Gross Domestic Product (GDP) at the purchaser’s price is the gross value added by all citizen producers in a given economy added to product taxes fewer subsidies excluded in the value of the goods. This value is excluded depreciation to natural resources. In the figure above, China’s GDP has since witnessed a steady growth from its lowest levels of almost 1000 dollars in 1999 to a high of 7000 dollars in 2011.
For Greece, the real GDP is almost negative and has not changed over the review period of 1999-2011. However, Australia posses mixed results with a massive drop from its highest levels of over 7000 in 2004 to below 1000 level in 2005. From 2006, the country has experienced a renewed hope in the movement of its GDP but the speed of its growth is still not at its optimum levels compared to previous years.

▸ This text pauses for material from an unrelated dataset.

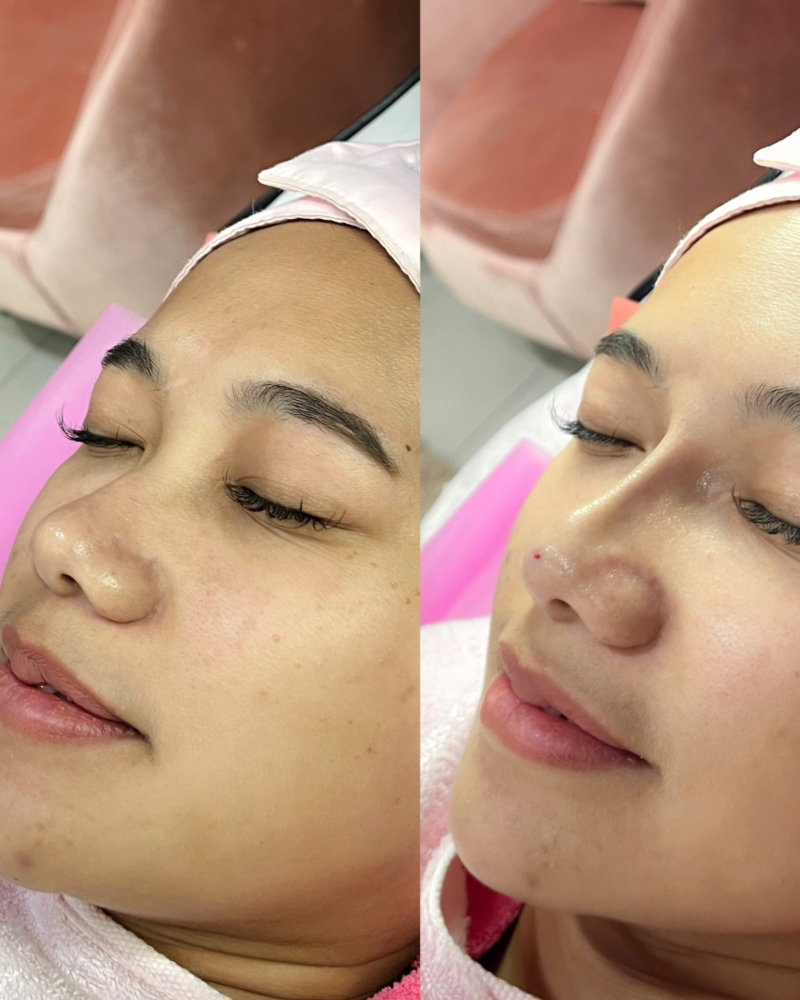 Before after Benang Hidung Qiandra Clinic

THE annual GDP in almost all three countries are on their downward trends. Greece has since recorded a steady negative economic growth from its highest of over 5 percent to lowest levels at below negative 5 percent. China, on the other hand, has also recorded a slight decrease as a result of the financial crisis of 2007-2008. But after the crisis, the economy is stabilizing again but still a sluggish trend is evident. Finally, Australia has managed to maintain its growth at a balanced level and even recorded a positive value between the 2007-2008 crisis periods. After 2008, the economy recorded a slight decline but is on the recovery trend.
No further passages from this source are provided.